● **Work item**:
The answer must be only the lines below from the one holding "Instituto desenvolve teste" down to the one holding "avulsion fractures Meyers", ends included, printed exactly; please omit all pictures.

======== Data

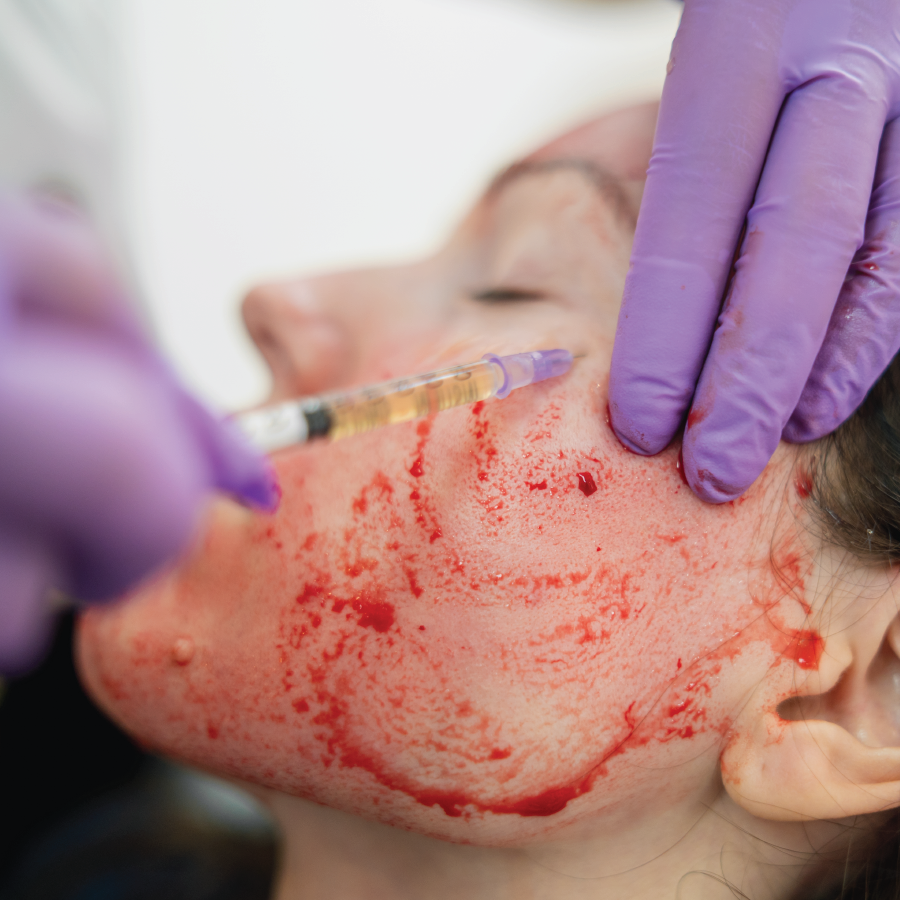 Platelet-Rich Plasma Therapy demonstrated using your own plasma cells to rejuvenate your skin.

================
======== Data

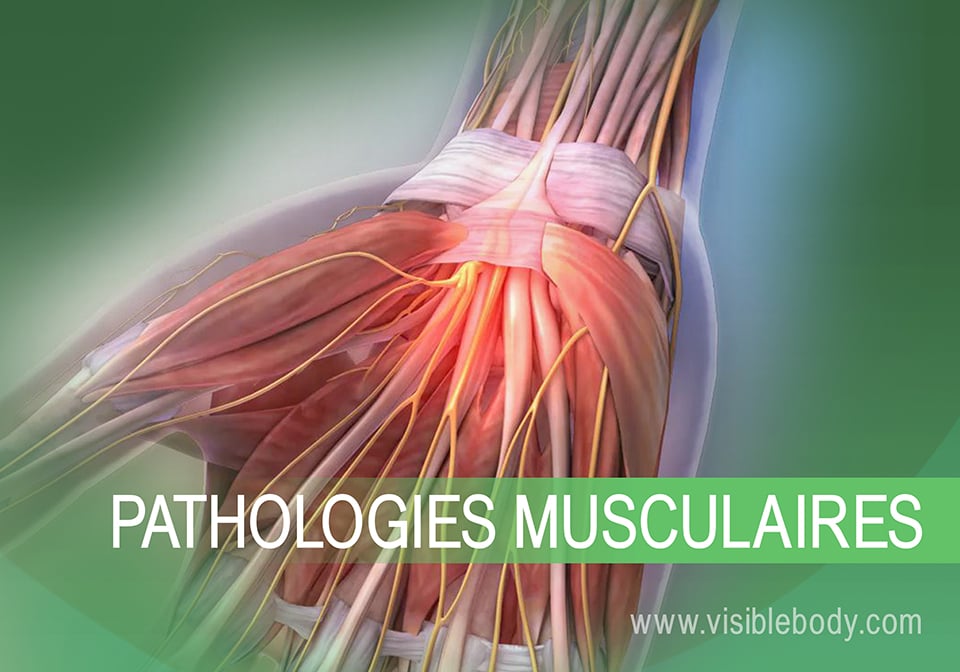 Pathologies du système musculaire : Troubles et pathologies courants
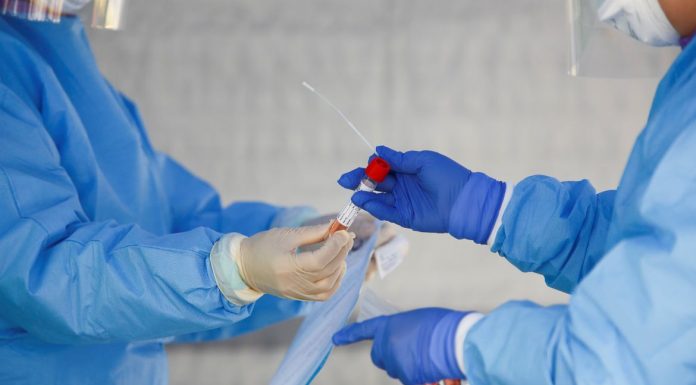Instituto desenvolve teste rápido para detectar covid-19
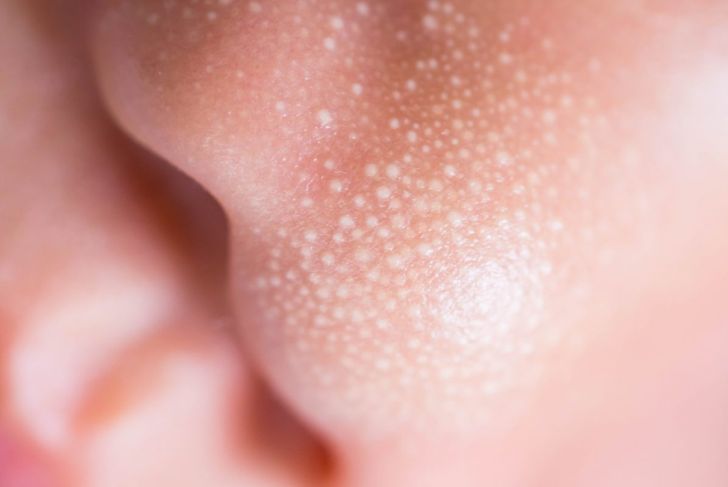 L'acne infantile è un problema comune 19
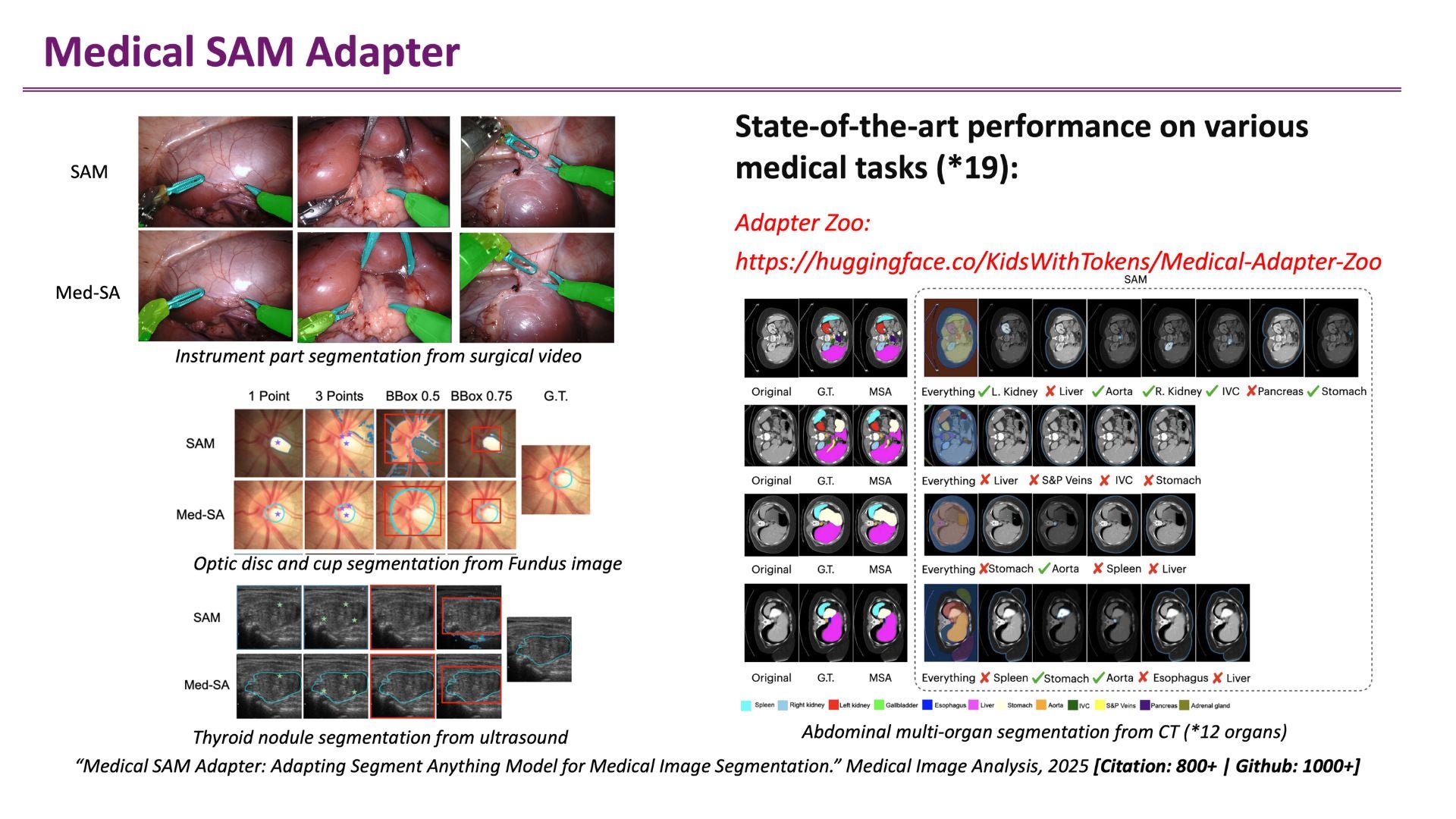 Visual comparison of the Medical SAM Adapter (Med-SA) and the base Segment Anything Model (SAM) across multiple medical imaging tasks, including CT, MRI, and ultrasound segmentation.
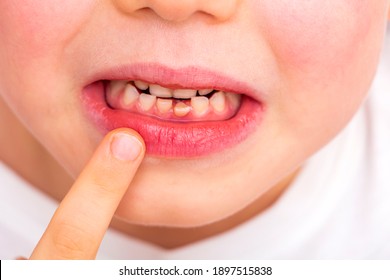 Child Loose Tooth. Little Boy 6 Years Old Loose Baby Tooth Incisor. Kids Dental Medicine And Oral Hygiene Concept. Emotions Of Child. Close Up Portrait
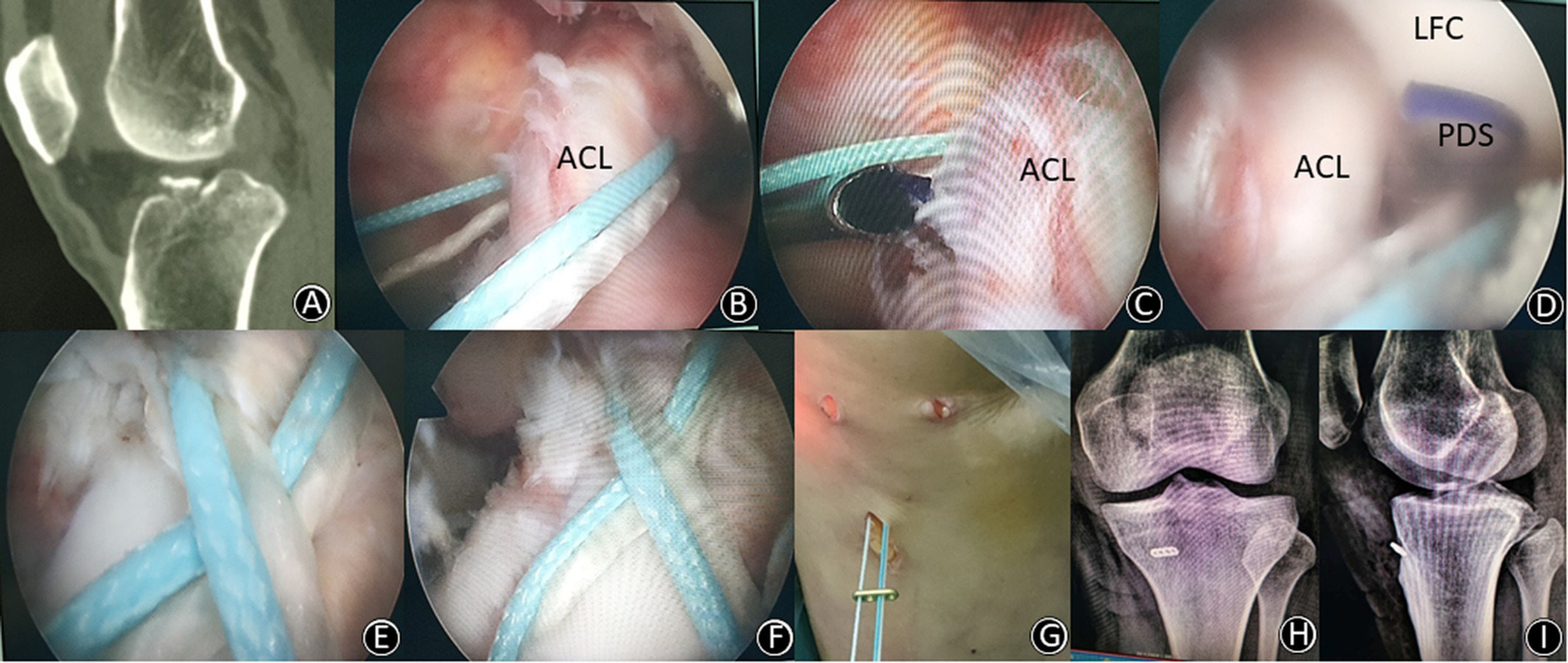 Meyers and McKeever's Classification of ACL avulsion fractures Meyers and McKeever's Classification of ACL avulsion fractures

================

● **Exercise response**:
Instituto desenvolve teste rápido para detectar covid-19
 L'acne infantile è un problema comune 19
 Visual comparison of the Medical SAM Adapter (Med-SA) and the base Segment Anything Model (SAM) across multiple medical imaging tasks, including CT, MRI, and ultrasound segmentation.
 Child Loose Tooth. Little Boy 6 Years Old Loose Baby Tooth Incisor. Kids Dental Medicine And Oral Hygiene Concept. Emotions Of Child. Close Up Portrait
 Meyers and McKeever's Classification of ACL avulsion fractures Meyers and McKeever's Classification of ACL avulsion fractures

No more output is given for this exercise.